The Rising Tide of Children at Our Borders

Central American migrants ride a freight train during their journey toward the U.S.-Mexico border in Ixtepec, Mexico, Saturda
Central American migrants ride a freight train during their journey toward the U.S.-Mexico border in Ixtepec, Mexico, Saturday, July 12, 2014. The number of unaccompanied minors detained on the U.S. border has more than tripled since 2011. Children are also widely believed to be crossing with their parents in rising numbers. (AP Photo/Eduardo Verdugo)

My mother came to this country as a child refugee, without her parents, in an effort to flee the Holocaust. Thankfully, she was taken in and raised for three years in an orphanage on the Lower East Side of New York City. Over the past few weeks I have been thinking of her and struggling with the current humanitarian crisis of unaccompanied minor children crossing U.S. borders.

David Gergen recently compared the plight of unaccompanied migrant children to that of the passengers on the SS St. Louis in 1939. Gergen reminds us of a painful moment in our nation's history, when the U.S. turned away hundreds of passengers -- Jews, seeking asylum. Accompanying Gergen's essay is a black-and-white photograph of people on board the ship after they left U.S. shores and landed in Belgium. While many of the passengers eventually found refuge, about one-third of them were killed on their return. The SS St. Louis was known as the voyage of the damned.

As I scanned the photo, I gasped when the face of my grandfather smiled back at me. He had been on the SS St. Louis and used to recount the story of his journey to me and my brother. He was one of the lucky ones who survived, but to protect his children from danger he had to entrust them (my mother and uncle) to the care of a friend who delivered them to New York by ship.

Like my mother and uncle, the unaccompanied children who arrive at our borders are seeking protection from circumstances they had no role in creating. Though she was traumatized, my mother's migration was safe and supervised.

In contrast, the children coming from Central America face a treacherous and unsupervised journey. They risk death, abuse, injury, kidnapping and human trafficking. And yet they keep coming.
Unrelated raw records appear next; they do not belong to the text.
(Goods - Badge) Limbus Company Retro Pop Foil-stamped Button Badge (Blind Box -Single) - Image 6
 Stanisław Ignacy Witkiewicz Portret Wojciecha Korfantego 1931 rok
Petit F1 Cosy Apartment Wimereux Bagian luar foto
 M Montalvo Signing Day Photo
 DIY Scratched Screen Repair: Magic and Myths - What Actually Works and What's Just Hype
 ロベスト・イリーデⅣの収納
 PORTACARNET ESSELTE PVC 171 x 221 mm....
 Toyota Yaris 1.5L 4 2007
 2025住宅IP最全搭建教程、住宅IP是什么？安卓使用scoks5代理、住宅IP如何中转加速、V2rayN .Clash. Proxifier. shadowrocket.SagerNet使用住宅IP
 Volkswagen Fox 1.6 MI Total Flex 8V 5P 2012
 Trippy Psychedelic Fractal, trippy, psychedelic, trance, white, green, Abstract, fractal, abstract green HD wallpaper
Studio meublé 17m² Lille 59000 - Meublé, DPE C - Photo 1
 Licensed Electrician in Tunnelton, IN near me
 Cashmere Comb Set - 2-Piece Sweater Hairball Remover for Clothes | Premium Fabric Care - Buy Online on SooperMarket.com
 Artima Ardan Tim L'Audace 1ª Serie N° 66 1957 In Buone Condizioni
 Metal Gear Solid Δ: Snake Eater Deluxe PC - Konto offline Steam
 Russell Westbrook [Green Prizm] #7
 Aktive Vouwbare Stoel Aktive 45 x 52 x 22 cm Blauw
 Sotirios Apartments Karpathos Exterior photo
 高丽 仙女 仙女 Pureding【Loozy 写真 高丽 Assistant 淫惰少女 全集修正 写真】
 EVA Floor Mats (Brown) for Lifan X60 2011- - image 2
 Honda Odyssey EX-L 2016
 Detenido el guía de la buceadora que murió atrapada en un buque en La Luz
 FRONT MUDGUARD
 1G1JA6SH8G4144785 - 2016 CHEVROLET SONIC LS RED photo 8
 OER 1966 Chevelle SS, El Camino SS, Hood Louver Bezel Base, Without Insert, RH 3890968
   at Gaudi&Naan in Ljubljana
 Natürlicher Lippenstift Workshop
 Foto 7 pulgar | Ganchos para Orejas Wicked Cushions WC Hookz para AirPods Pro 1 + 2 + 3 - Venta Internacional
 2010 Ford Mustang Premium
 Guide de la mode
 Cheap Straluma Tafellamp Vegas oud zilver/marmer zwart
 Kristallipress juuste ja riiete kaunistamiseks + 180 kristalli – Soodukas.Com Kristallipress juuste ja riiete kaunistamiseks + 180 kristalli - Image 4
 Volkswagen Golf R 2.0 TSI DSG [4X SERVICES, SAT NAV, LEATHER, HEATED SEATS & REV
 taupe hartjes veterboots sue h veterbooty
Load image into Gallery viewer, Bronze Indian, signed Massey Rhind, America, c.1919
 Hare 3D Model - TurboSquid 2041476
So desperate are they to be safe and have opportunities apart from violence, poverty and crime. These are children who simply want to be safe. To go to school, get a job and build a life. A life they simply cannot envision in their countries of origin.

The United States is faced with a very difficult situation as it rightly does not want to incentivize other children to endanger their lives. However, among the children who are currently in the care of the U.S. government, there are undoubtedly children who meet U.S. criteria making them eligible for protection.

Whether here in the U.S. or at the crossroads of Lebanon and Syria, every child coming across a border has a story to tell that should be heard and considered before a decision is made about their future. My grandfather did not have that privilege; if he had it might have spared him unspeakable suffering.

The governments of Guatemala, El Salvador, Honduras, Mexico and the United States must work together on immediate and long-term solutions for these children. They are, after all, children.